PROBLEM DETAILS → Look for the line that has "Вело джърси топ" in the material below; please repeat it and every line after it, exactly, up to and including the line that has "Robot Chien Intelligent", and nothing else.

DATA RECORDS →
■ ■ ■ ■
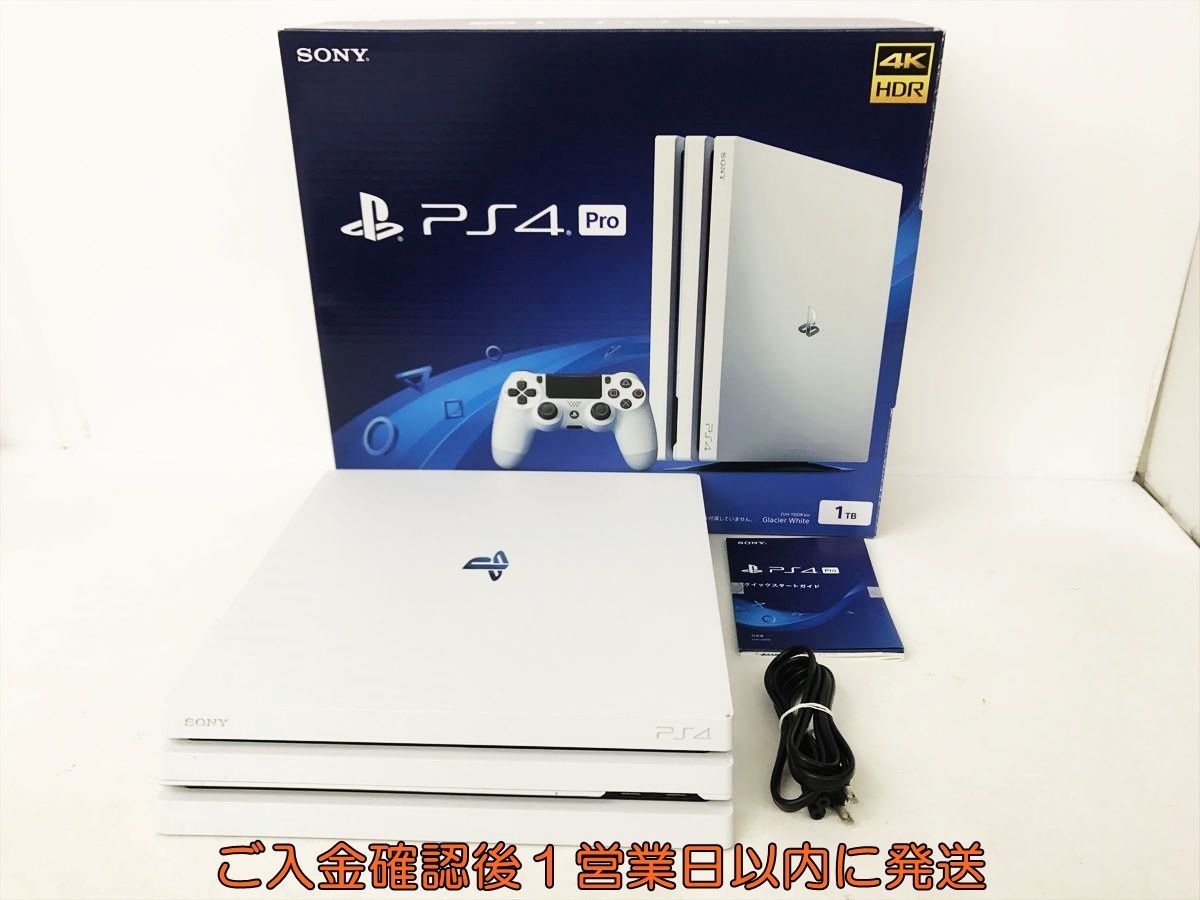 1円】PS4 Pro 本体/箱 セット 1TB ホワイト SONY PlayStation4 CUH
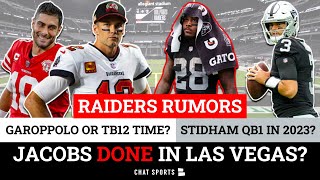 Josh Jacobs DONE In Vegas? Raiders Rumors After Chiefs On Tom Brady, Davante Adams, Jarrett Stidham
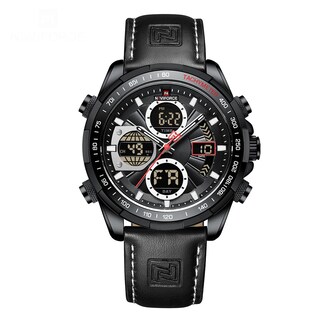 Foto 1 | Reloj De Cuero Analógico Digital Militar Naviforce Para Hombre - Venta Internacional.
■ ■ ■ ■
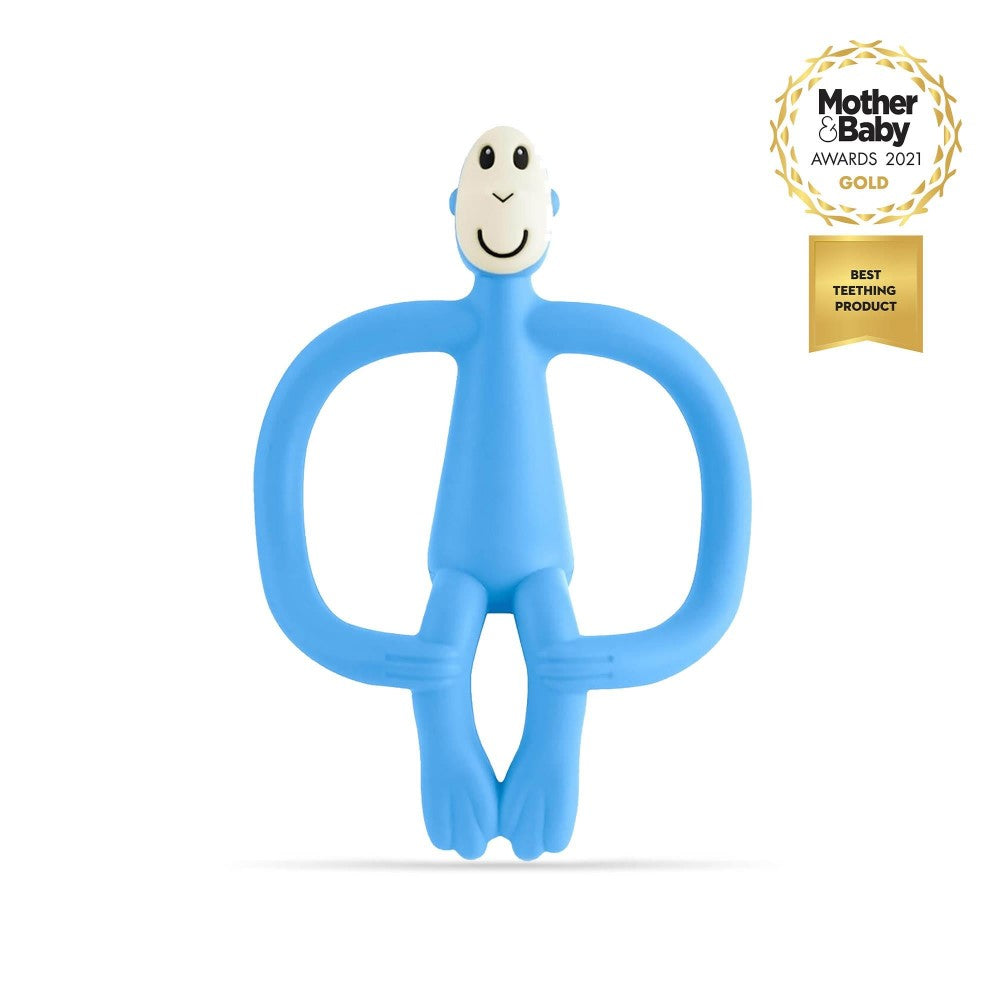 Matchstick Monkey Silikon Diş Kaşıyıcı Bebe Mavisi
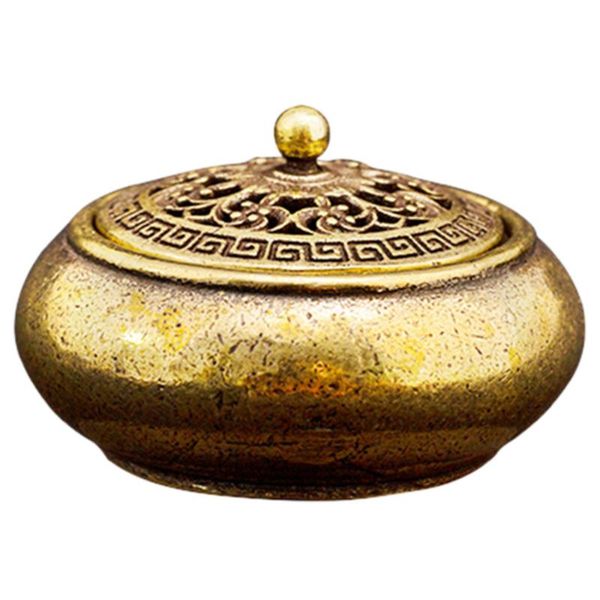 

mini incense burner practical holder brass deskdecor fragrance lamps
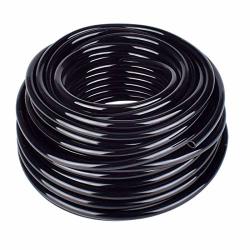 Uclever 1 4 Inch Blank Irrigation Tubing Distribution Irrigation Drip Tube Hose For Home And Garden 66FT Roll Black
■ ■ ■ ■
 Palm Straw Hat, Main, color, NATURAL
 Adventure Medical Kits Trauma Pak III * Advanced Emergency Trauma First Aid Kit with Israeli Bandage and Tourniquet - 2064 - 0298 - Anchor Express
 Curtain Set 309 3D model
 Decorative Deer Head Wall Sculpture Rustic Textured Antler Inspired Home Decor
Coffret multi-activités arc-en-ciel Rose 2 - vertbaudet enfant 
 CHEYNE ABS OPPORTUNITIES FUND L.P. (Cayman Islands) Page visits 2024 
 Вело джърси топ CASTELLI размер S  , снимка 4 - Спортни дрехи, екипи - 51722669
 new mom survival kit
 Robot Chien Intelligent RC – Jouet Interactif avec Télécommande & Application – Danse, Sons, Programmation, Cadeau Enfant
■ ■ ■ ■
SOLUTION TO THE EXERCISE →
 Вело джърси топ CASTELLI размер S  , снимка 4 - Спортни дрехи, екипи - 51722669
 new mom survival kit
 Robot Chien Intelligent RC – Jouet Interactif avec Télécommande & Application – Danse, Sons, Programmation, Cadeau Enfant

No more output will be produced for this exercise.